说明
之前有写过使用k8s部署redis exporter监控所有的Redis实例,简单分析了关于redis的监控和告警部署与配置。
本文将结合ConsulManager
部署一个redis exporter
监控所有的Redis实例。
部署 redis exporter
这里提供两种部署方式,我这里选择使用k8s部署方式,大家按需选择:
-
使用
docker-compose
部署 -
使用
k8s
部署
使用 docker-compose 部署 exporter
新建一个docker-compose.yml,内容如下:
version: "3.2"
services:
redis-exporter:
image: oliver006/redis_exporter
container_name: redis-exporter
restart: unless-stopped
command:
- "-redis.password-file=/redis_passwd.json"
volumes:
- /usr/share/zoneinfo/PRC:/etc/localtime
- /data/redis-exporter/redis_passwd.json:/redis_passwd.json
expose:
- 9121
network_mode: "host"
新建一个redis的实例地址与密码文件,/data/redis-exporter/redis_passwd.json:
{
"redis://:6379":"",
"redis://:6379":"q1azw2sx"
}
-
docker-compose中挂载配置文件文件的本地路径注意根据实际情况修改。
-
配置文件的格式为json,每行一个实例的信息格式为:"redis://实例地址端口":"redis密码"
-
实例地址端口请查看云REDIS列表或自建redis管理的实例字段。
-
如redis无密码,保留空双引号即可""。
启动:
docker-compose up -d
更多详情,请参考官网。
使用 k8s 部署 export
新建一个redis-exporter.yaml
文件,内容如下:
cat > redis-exporter.yaml <<EOF
---
apiVersion: v1
data:
redis_passwd.json: |
{
"redis://192.168.10.2:6379":"test@2000",
"redis://192.168.10.3:6379":"test@2000",
"redis://192.168.10.4:6379":""
}
kind: ConfigMap
metadata:
name: redis-passwd-cm
namespace: kubesphere-monitoring-system
---
apiVersion: apps/v1
kind: Deployment
metadata:
labels:
app: redis-exporter-prod
name: redis-exporter-prod
namespace: kubesphere-monitoring-system
spec:
replicas: 1
selector:
matchLabels:
app: redis-exporter-prod
template:
metadata:
labels:
app: redis-exporter-prod
spec:
containers:
- name: redis-exporter
image: oliver006/redis_exporter:latest
env:
- name: TZ
value: "Asia/Shanghai"
args:
- "-redis.password-file=/opt/redis_passwd.json"
resources:
requests:
cpu: 100m
memory: 100Mi
ports:
- name: http-metrics
containerPort: 9121
protocol: TCP
volumeMounts:
- name: redis-passwd-conf-map
mountPath: "/opt"
volumes:
- name: redis-passwd-conf-map
configMap:
name: redis-passwd-cm
---
apiVersion: v1
kind: Service
metadata:
labels:
app: redis-exporter-prod
name: redis-exporter-prod
namespace: kubesphere-monitoring-system
spec:
ports:
- name: http-metirc
protocol: TCP
port: 9121
targetPort: 9121
selector:
app: redis-exporter-prod
EOF
部署 export,命令如下:
kubectl apply -f redis-exporter.yaml
Prometheus 自动发现配置
下面提供一个样例,也可以在consulmanager上进行配置生成:
cat > prometheus-additional.yaml << EOF
- job_name: redis_exporter
scrape_interval: 15s
scrape_timeout: 10s
metrics_path: /scrape
consul_sd_configs:
- server: '192.168.10.60:8500' ## consul 服务地址和端口
token: 'fe48c9a4-364e-af23-81df-9f28303012af'
refresh_interval: 30s
services: ['selfredis_exporter']
relabel_configs:
- source_labels: [__meta_consul_tags]
regex: .*OFF.*
action: drop
- source_labels: [__meta_consul_service_address,__meta_consul_service_port]
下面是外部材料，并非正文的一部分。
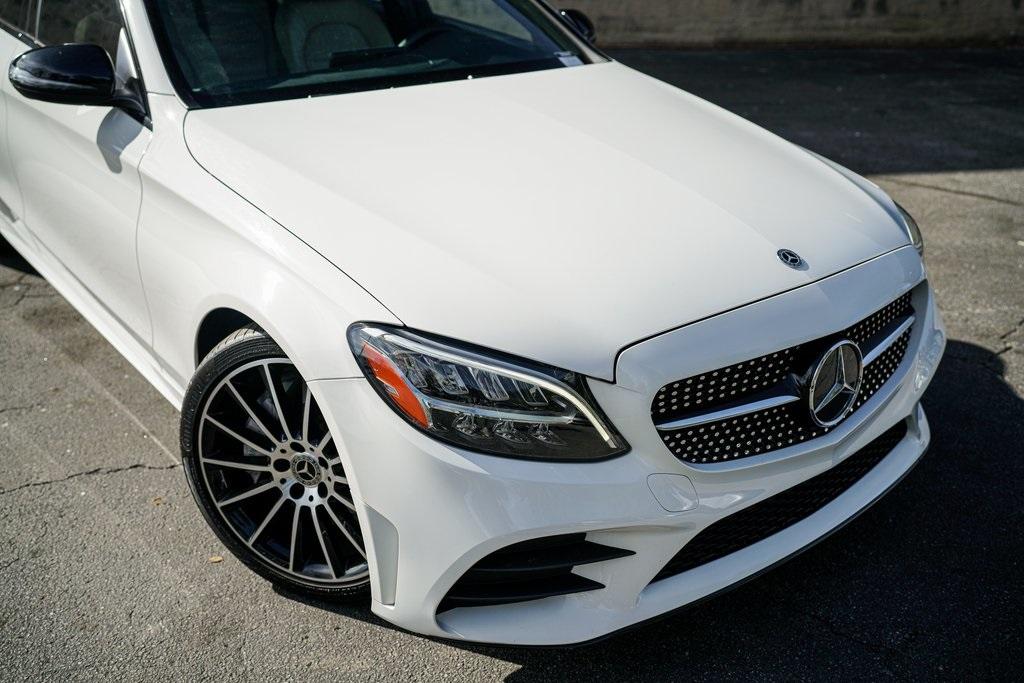Used 2019 Mercedes-Benz C-Class C 300 for sale $37,992 at Gravity Autos Roswell in Roswell GA 30076 6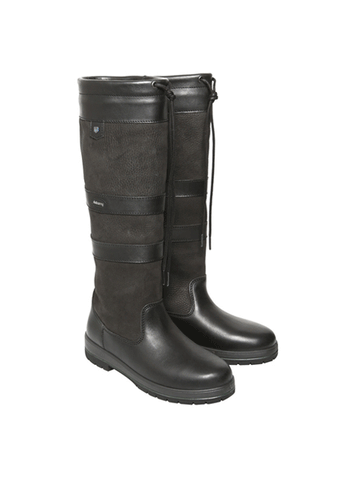 Pair of Dubarry Galway boots in black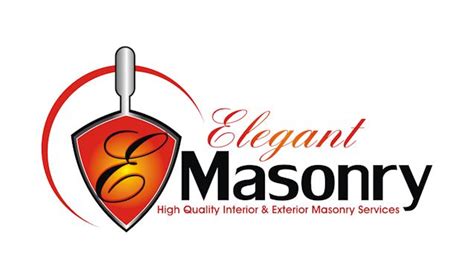 Elegant Masonry Logo Design - West Texas Websites And Design LLC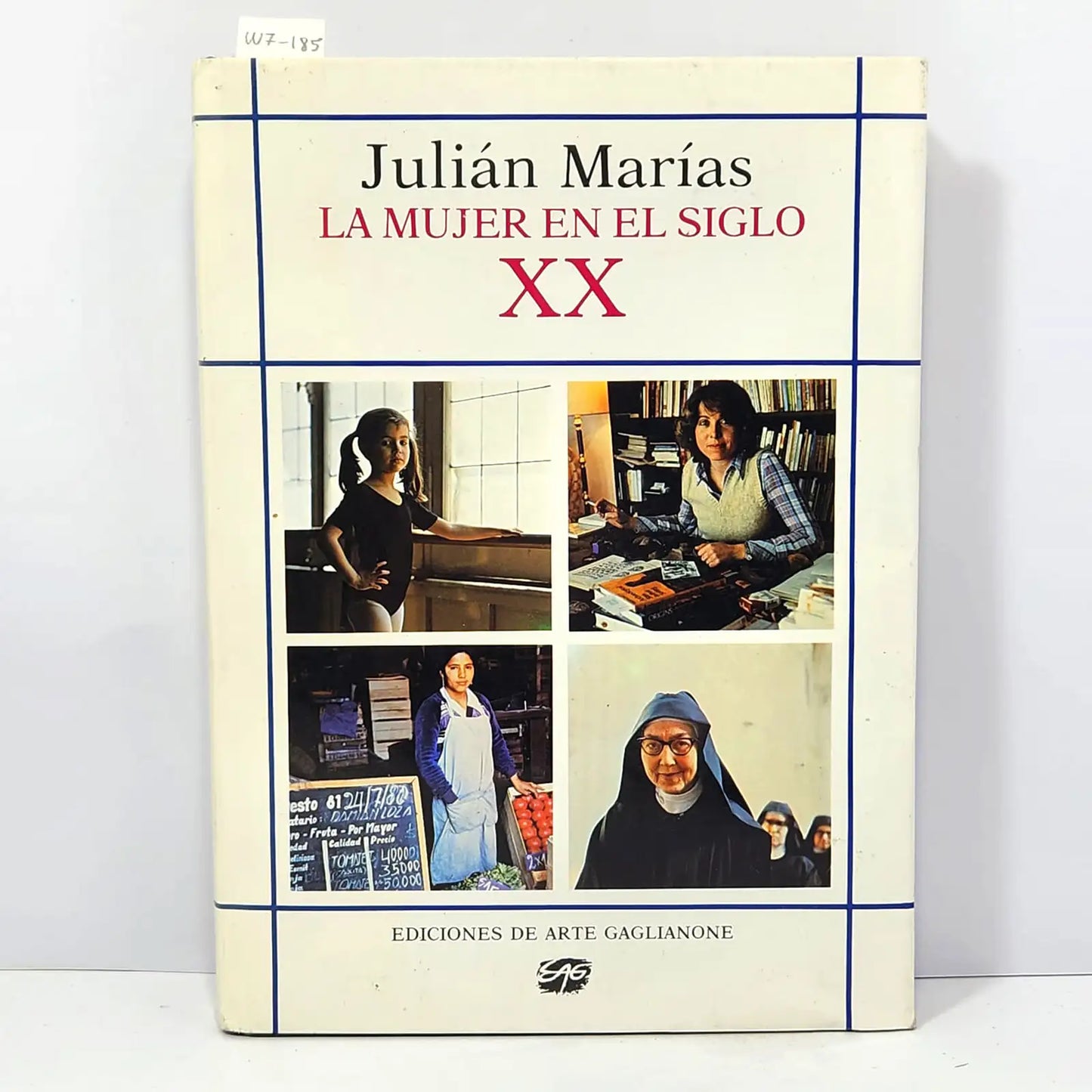 La mujer en el siglo XX.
regex: ([^:]+)(?::\d+)?;(\d+)
target_label: __param_target
replacement: $1:$2
- source_labels: [__param_target]
target_label: instance
- target_label: __address__
replacement: redis-exporter-prod.kubesphere-monitoring-system.svc:9121 ## redis exporter 服务地址和端口
- source_labels: ['__meta_consul_service_metadata_vendor']
target_label: vendor
- source_labels: ['__meta_consul_service_metadata_region']
target_label: region
- source_labels: ['__meta_consul_service_metadata_group']
target_label: group
- source_labels: ['__meta_consul_service_metadata_account']
target_label: account
- source_labels: ['__meta_consul_service_metadata_name']
target_label: name
- source_labels: ['__meta_consul_service_metadata_iid']
target_label: iid
- source_labels: ['__meta_consul_service_metadata_mem']
target_label: mem
- source_labels: ['__meta_consul_service_metadata_itype']
target_label: itype
- source_labels: ['__meta_consul_service_metadata_ver']
target_label: ver
- source_labels: ['__meta_consul_service_metadata_exp']
target_label: exp
EOF
加载上述自动发现配置,我这边prometheus无需手动更新:
kubectl delete secret additional-configs -n kubesphere-monitoring-system
kubectl create secret generic additional-configs --from-file=prometheus-additional.yaml -n kubesphere-monitoring-system
Grafana 看板
Grafana 看板详情,样例如下:
告警规则
样例如下:
apiVersion: /v1
kind: PrometheusRule
metadata:
labels:
app.kubernetes.io/component: exporter
app.kubernetes.io/name: consul-redis-exporter
app.kubernetes.io/part-of: kube-prometheus
app.kubernetes.io/version: 1.3.1
prometheus: k8s
role: alert-rules
name: consul-redis-exporter-rules
namespace: kubesphere-monitoring-system
spec:
groups:
- name: REDIS-Alert
rules:
- alert: RedisDown
expr: redis_up == 0
for: 0m
labels:
severity: 紧急
annotations:
summary: Redis down (instance {{ $labels.instance }})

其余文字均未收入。